The resulting output is the block hash, and it will serve as the identifier of the block generated newly (candidate block). The block hash (the output) must be less than a certain value determined by the protocol to be considered valid. This implies that the block hash must start with a particular number of zeroes. The hashing difficulty, which is also known as the target value, is regularly adjusted by the protocol.

The regular adjustment ensures that the rate at which new blocks are created remains constant and is proportional to the hashing power devoted to the network. This means that every time new miners join the network and competition increases, the hashing difficulty will also rise, preventing the average block time from decreasing. In another perspective, if miners decide to leave the network, the hashing difficulty will go down. This keeps the block time constant, although there is less computational power dedicated to the network.  

The process of cryptocurrency mining requires that miners keep hashing the block header over and over again. This is done by iterating through the nonce until one of the network miners eventually produces a valid block hash. Once a valid hash is found, the founder node automatically broadcasts the block to the entire network. All the nodes will check if the hash is valid, and once it has been confirmed that the hash is valid, the nodes will add the block into their copy of the blockchain and move to mine the next block. There can be a situation where two miners broadcast a valid block at the same time. In such a case, the network ends up with two competing blocks. However, miners start mining the next block based on the block that they received first.

The competition will rage on until the next block is mined based on either one of the competing blocks. Any of the blocks that eventually get abandoned becomes an orphan block or a stale block. The miners of the orphan block will switch back to mining the chain of the winner block. 

How much Does A Bitcoin Miner Earn? 

The reward for Bitcoin mining halves every four years. For example, when Bitcoin was first mined in 2009, you would earn 50 BTC for mining a block. In 2012, the amount you would earn was halved to 25 BTC, and 12.5 BTC in 2016. In May 2020, the reward halved again to 6.25 BTC. This reward is always a good incentive considering the level of work miners have to put in to mine a “block.” It is interesting to note that Bitcoin’s market price has always tended to marginally correspond closely to the cost of mining a Bitcoin. Several websites show how many blocks have been mined thus far, and you can always check them to see for yourself. 

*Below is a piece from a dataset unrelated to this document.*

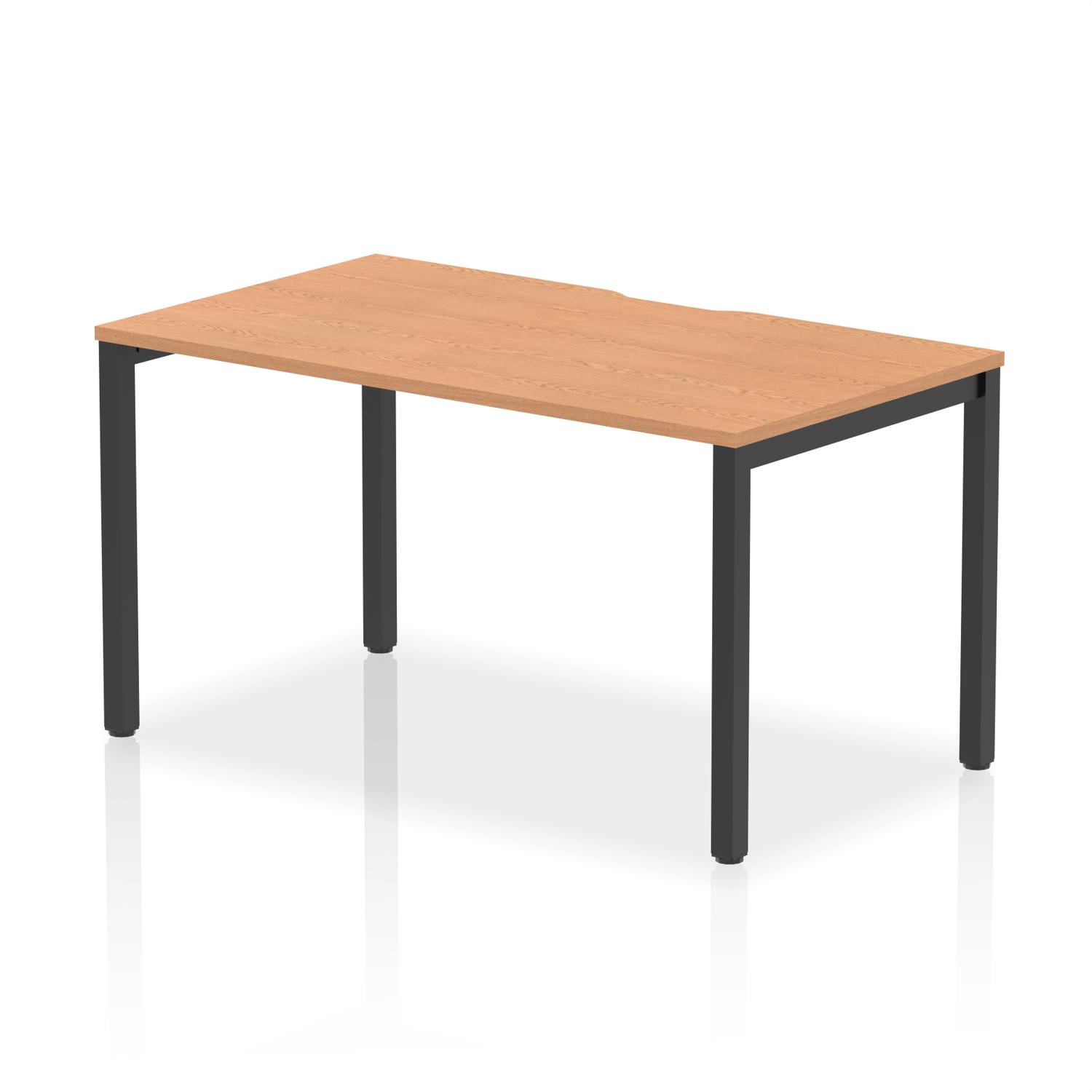 Evolve Plus 1400mm Single Starter Office Bench Desk Oak Top Black Frame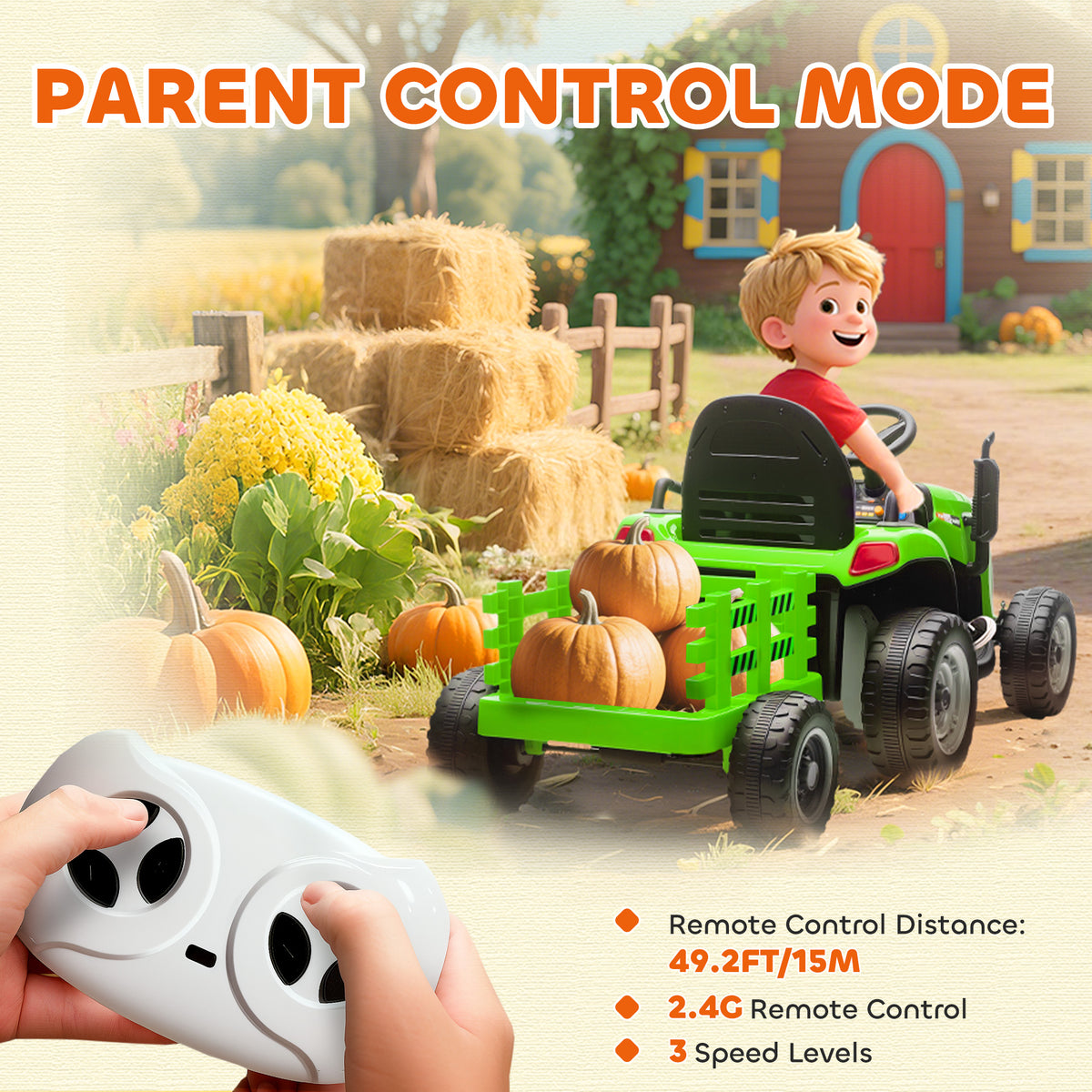 Qaba 12V Kids Ride On Tractor with Trailor, Remote Control, Music, Lights, Shifter, for Kids Ages 3-8 Years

The Equipment Needed To Mine Bitcoin

Early on in Bitcoin’s history, individuals were able to compete for blocks using their regular home computers. Meanwhile, this is no longer the case today. The difficulty of mining Bitcoin has increased over time. Therefore, to ensure the blockchain functions smoothly and retains its ability to process and verify the transaction, the Bitcoin network maintains a block’s production every 10 minutes. However, if 100, 000 mining rigs are competing to solve the hash problem and create a block, there is a higher chance of reaching a solution faster than just 100 mining rigs.

For this reason, the design of the Bitcoin network enables it to evaluate and adjust the difficulty of mining every 2,016 blocks (or roughly every two weeks). Whenever there is more computing power collectively working on mining Bitcoin, the difficulty level of mining increases to stabilize the rate of block production. When there is less computing power, the difficulty level decreases. To give you a clear perspective on the amount of computing power involved, the difficulty level was “1” when Bitcoin was launched in 2009. Today, the difficulty level is more than 13 trillion. This gives you a clear knowledge of the computational power required to mine Bitcoin.